Ce dont il faut se souvenir, c’est que deux crises pétrolières successives ont abouti dans la région sur de graves problèmes pour les vignerons, une politique d’arrachage et des règles strictes de gestion des volumes.

Quelques vignerons visionnaires

« En 1975, poursuit Jean-Jacques Häuselmann, quelques vignerons, sans doute des visionnaires, se sont dit que tant qu’à arracher, ils pouvaient peut-être en profiter pour sortir du tout cognac et diversifier leur activité. C’est ainsi qu’est née cette nouvelle filière, avec l’idée de vinifier des vins pour les boire. Un gros challenge, car même si on fait du vin en Charente depuis l’époque romaine, c’était un produit nouveau. Il a fallu apprendre, faire des voyages d’études dans différentes régions de France. Mais les viticulteurs charentais en étaient capables et le vin qui est aujourd’hui produit en Charente est un produit honnête, franc et agréable : un bon produit. Parfois, il va même au-delà et là, on a des vins de très grande qualité.
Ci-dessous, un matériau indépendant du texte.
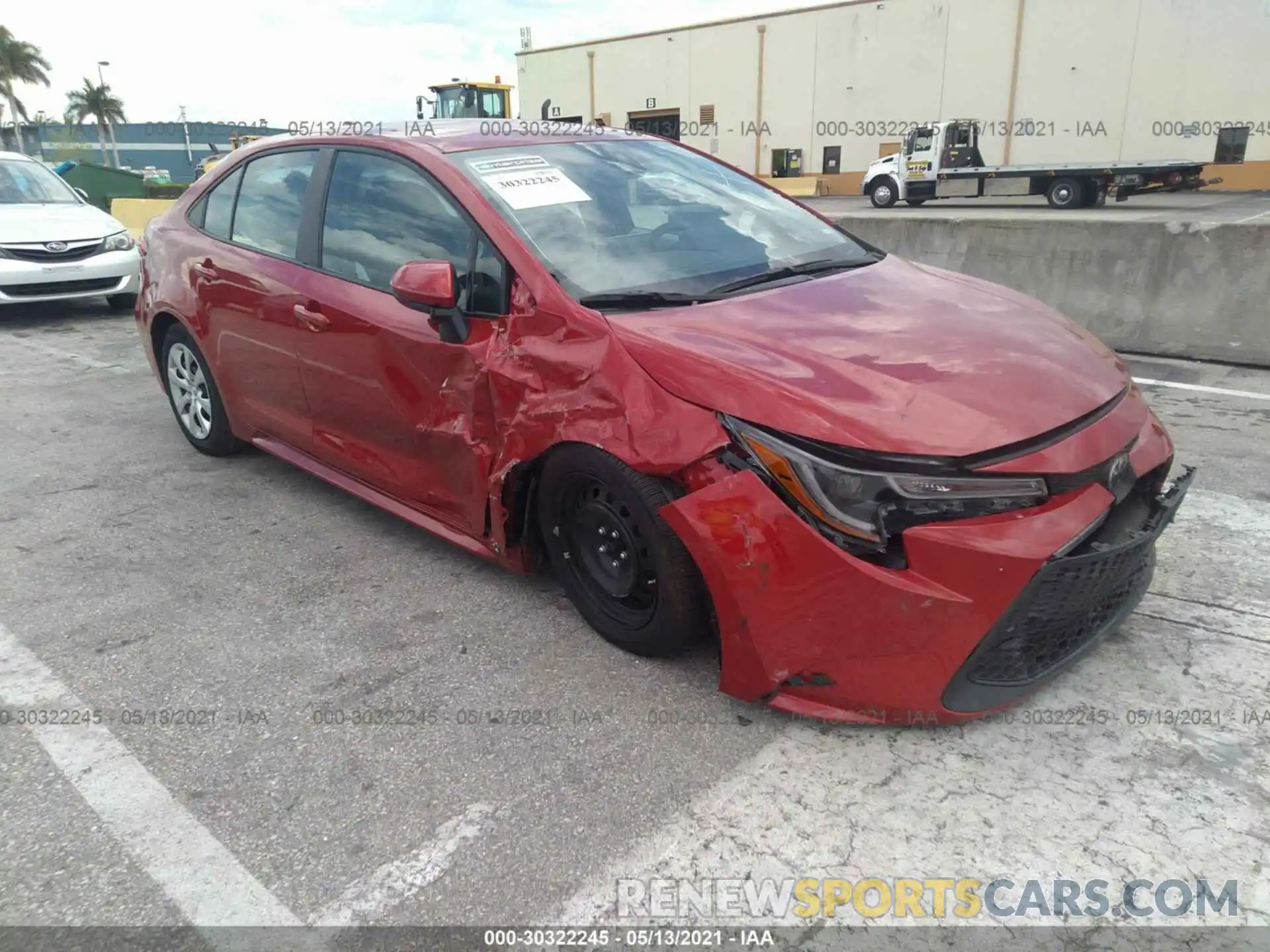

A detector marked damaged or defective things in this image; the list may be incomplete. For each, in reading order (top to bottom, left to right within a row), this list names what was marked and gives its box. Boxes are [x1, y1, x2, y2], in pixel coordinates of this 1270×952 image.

damaged red sedan [136, 123, 1191, 725]
broken headlight [725, 415, 1053, 550]
cracked bumper [659, 407, 1185, 719]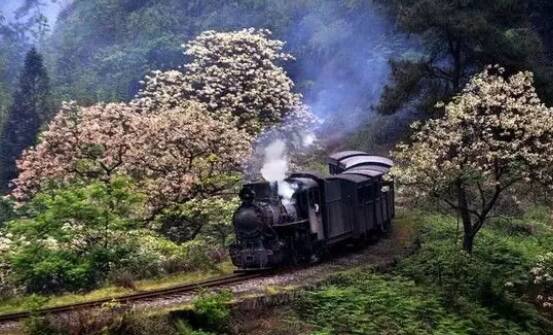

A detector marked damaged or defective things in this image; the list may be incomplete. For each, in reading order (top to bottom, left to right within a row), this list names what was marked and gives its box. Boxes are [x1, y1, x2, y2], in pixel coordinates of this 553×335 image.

rusty rail track [0, 272, 264, 326]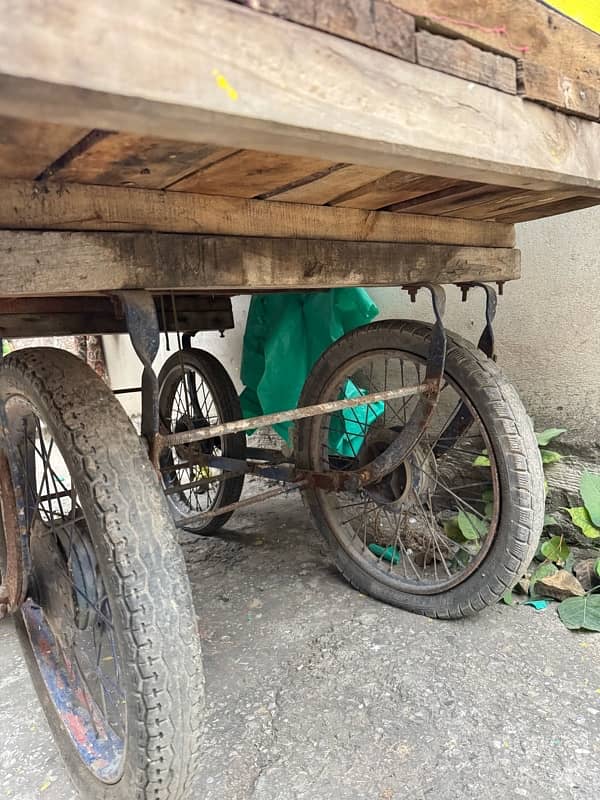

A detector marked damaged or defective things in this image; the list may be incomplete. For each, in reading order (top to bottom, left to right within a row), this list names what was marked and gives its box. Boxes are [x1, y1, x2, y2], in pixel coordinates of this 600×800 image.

Des quelques vignerons épaulés par des négociants du début, on est passé à un nombre à 3 chiffres, et aujourd’hui, nous produisons un peu plus de 60 000 hectolitres, pour lesquels sont cultivés 1 600 à 2 000 hectares de vignes, blanc et rouge confondus. Sur les 80 000 hectares (dont 4 000 en rouge) de vignes des deux Charentes, cela peut paraître peu mais ça existe : nous existons vraiment aux côtés du cognac et du
pineau.

Une part d’autonomie

Ceux qui sont encore là aujourd’hui, c’est parce qu’ils ont ça dans le sang. Il y a 10 ans, le Vin de Pays Charentais rapportait autant que le cognac. Aujourd’hui, avec la demande de cognac qui s’est envolée, ça n’est plus vrai. Sans compter que le vin, c’est plus compliqué que le cognac : non seulement il faut faire pousser les raisins, mais il faut aussi fabriquer le produit et le vendre. Cela signifie des risques de fabrication, des risques commerciaux, mais aussi de passer beaucoup de temps pour un revenu moins important que celui du cognac… Il y a aussi ceux qui préfèrent faire des raisins de qualité et les vendre à la coopérative, cela dépend des sensibilités de chacun… mais réellement, les vignerons qui sont encore là, c’est parce qu’ils ont la fibre, qu’ils n’ont pas envie de lâcher la vigne qu’ils soignent depuis quelques décennies… Elle leur offre une part de liberté, d’autonomie.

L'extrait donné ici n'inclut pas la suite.